What you are asked to do ::
Locate the line that contains "Набор аксессуаров для". Retype it and every line after it to the end of the records, exactly, but not the pictures.

(Extracted entries begins)

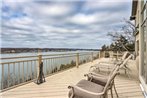 Osage Beach Family Home with Deck and Lake Views!
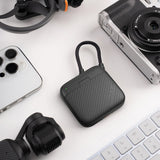 PGYTECH Createmate High Speed Mini Card Reader Case (Classic Black)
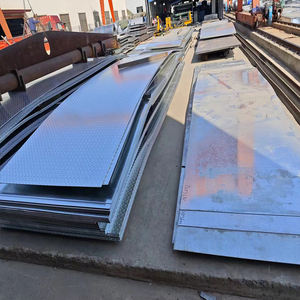 Фабрика низкая цена холоднокатаный оцинкованный стальной лист <span class=keywords><strong>SS400</strong></span> 3 мм толстый стальной лист горячеоцинкованный стальной лист - Product Image 4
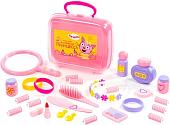 Набор аксессуаров для девочек Полесье Три Кота Принцессы 65360 (в чемоданчике)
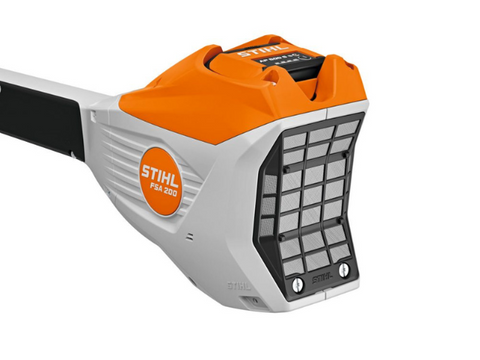 FSA 200 Accu Bosmaaier Grassnijblad 260-2 - BODY zonder accu en lader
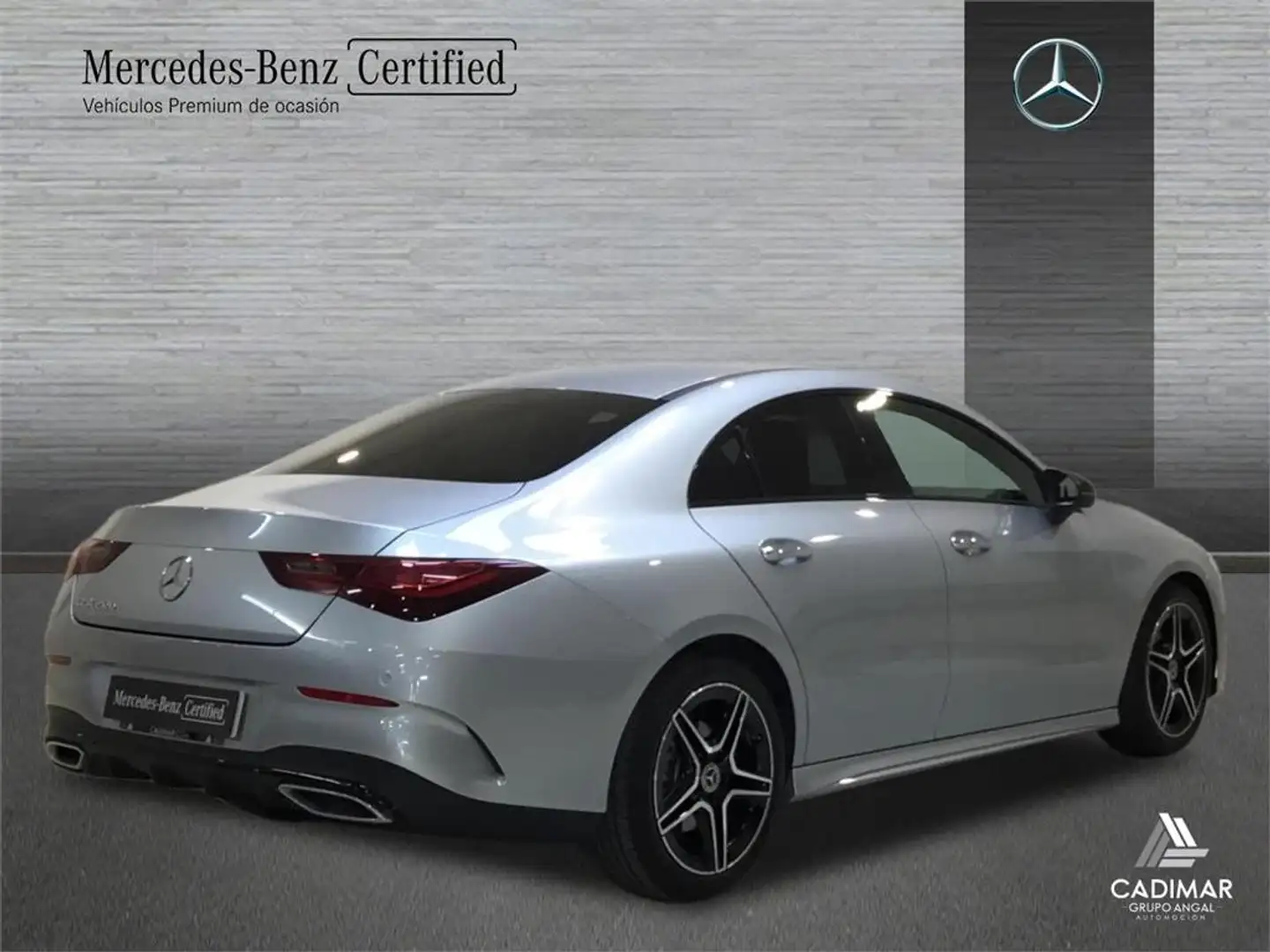 Mercedes-Benz CLA 200 - 2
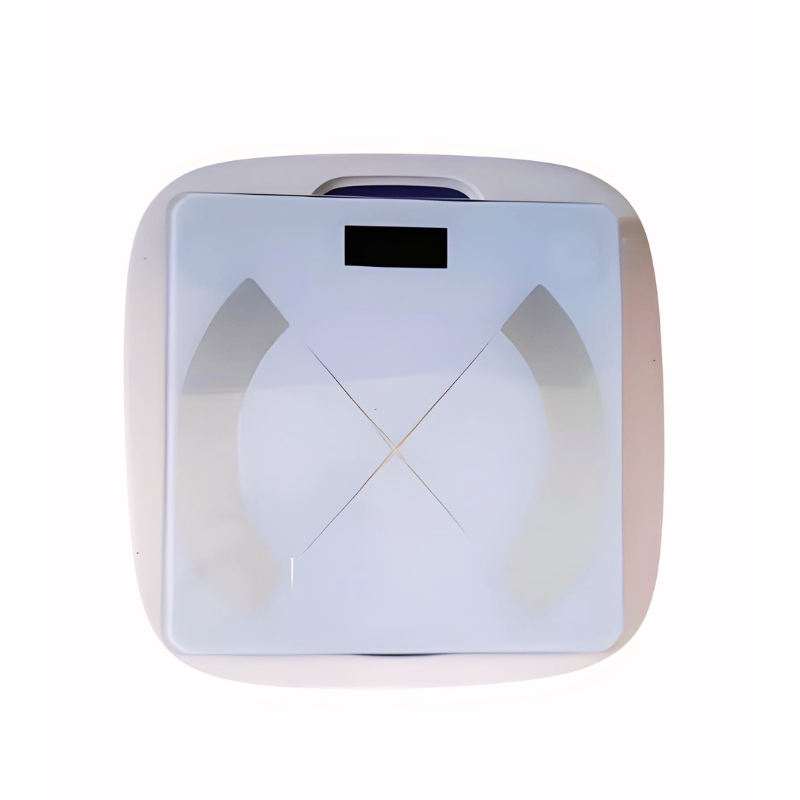 Slimme Bluetooth-weegschaal met lichaamsvetmeting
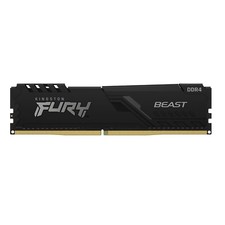 Kingston FURY Beast 32GB (2 x 16GB) PC4-25600 (DDR4-3200) 16GBit
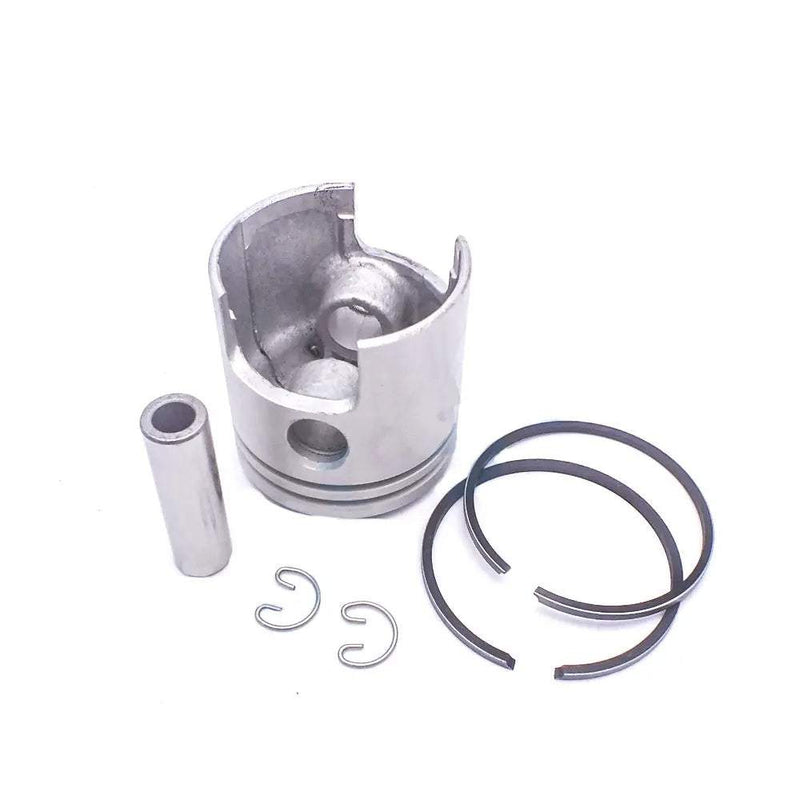 677-11631 Piston Only For Yamaha Outboard Motor 2T Old Version 6HP 8HP Dia.50MM 677-11630-00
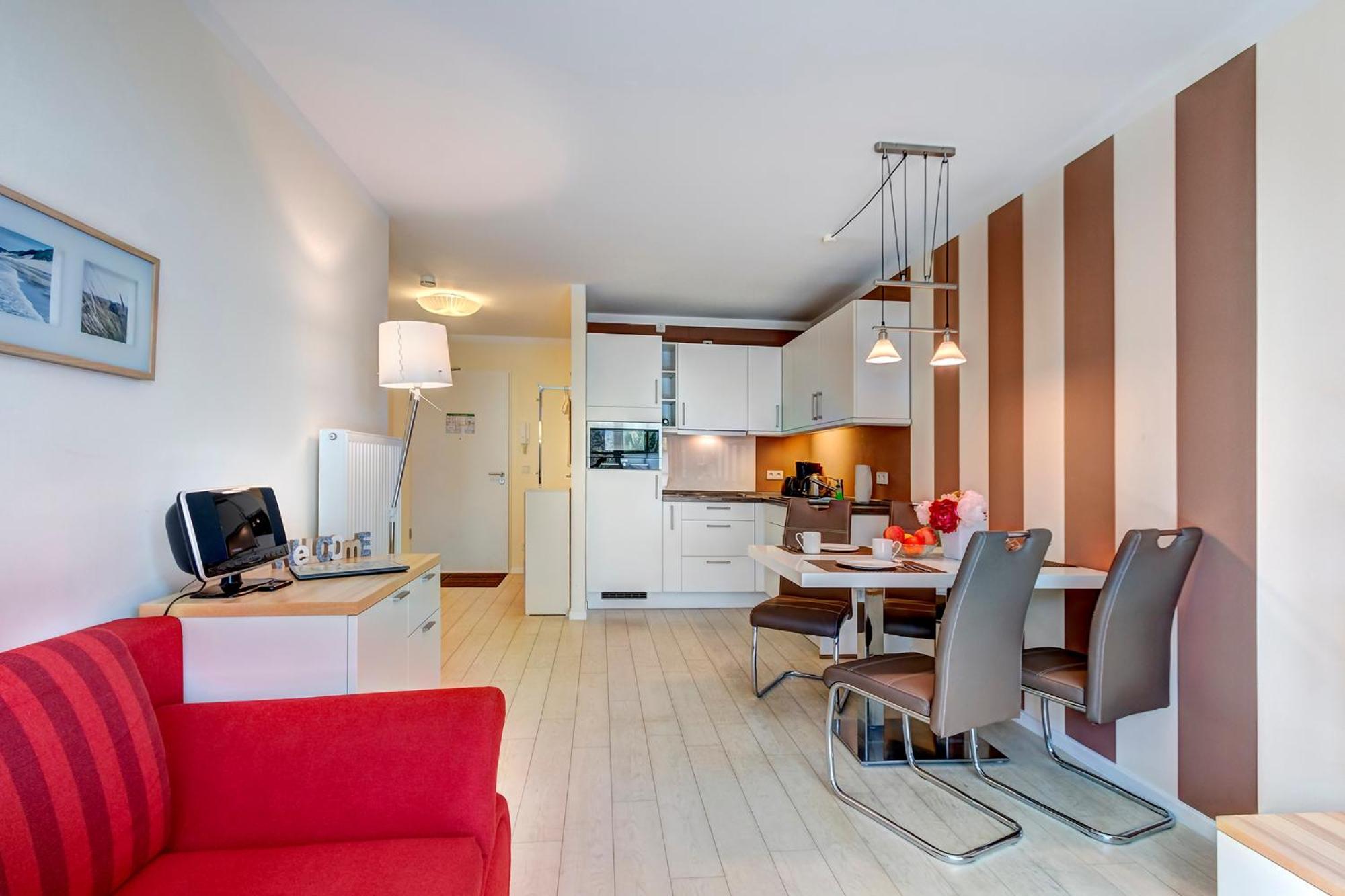 Residenz Am Balmer See - Bs 04 Mit Wellnessbereich 外观 照片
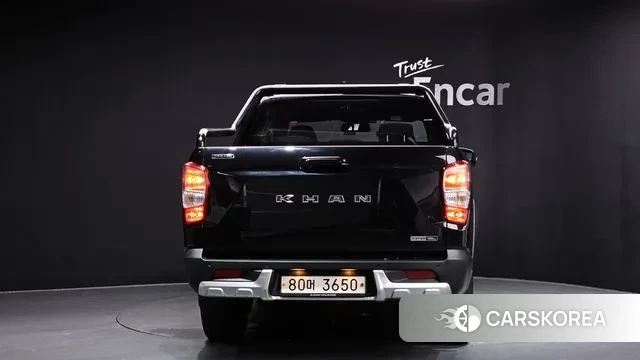 Ssangyong Rexton Sports Cannes id 3075808 из Кореи 14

(Extracted entries ends)

Solution ::
 Набор аксессуаров для девочек Полесье Три Кота Принцессы 65360 (в чемоданчике)
 FSA 200 Accu Bosmaaier Grassnijblad 260-2 - BODY zonder accu en lader
 Mercedes-Benz CLA 200 - 2
 Slimme Bluetooth-weegschaal met lichaamsvetmeting
 Kingston FURY Beast 32GB (2 x 16GB) PC4-25600 (DDR4-3200) 16GBit
 677-11631 Piston Only For Yamaha Outboard Motor 2T Old Version 6HP 8HP Dia.50MM 677-11630-00
 Residenz Am Balmer See - Bs 04 Mit Wellnessbereich 外观 照片
 Ssangyong Rexton Sports Cannes id 3075808 из Кореи 14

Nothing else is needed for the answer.